WORK INSTRUCTION — Repeat word for word the lines starting at the one with "Pj Bupati Jombang" and ending at the final line of the material, both ends included; omit pictures.

DATA SECTION —
=== Begin Enclosure ===
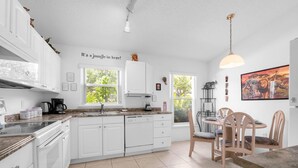 Une cuisine moderne avec des meubles blancs, un lave-vaisselle et un coin repas comprenant des chaises et une table en bois.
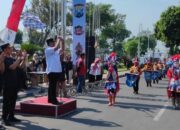Pj Bupati Jombang Berangkatkan Lomba Kirab Drum Band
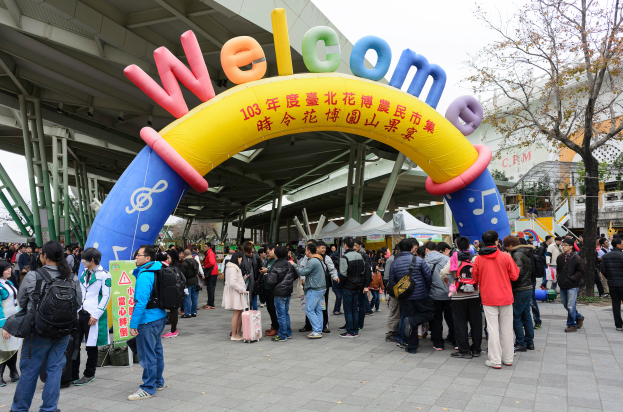 Eine Gruppe von Menschen steht vor einem Willkommensbogen mit Text, umgeben von Zelten, Bäumen, Gebäuden und einem klaren blauen Himmel, einige tragen Taschen.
=== End Enclosure ===
ANSWER SECTION —
Pj Bupati Jombang Berangkatkan Lomba Kirab Drum Band
 Eine Gruppe von Menschen steht vor einem Willkommensbogen mit Text, umgeben von Zelten, Bäumen, Gebäuden und einem klaren blauen Himmel, einige tragen Taschen.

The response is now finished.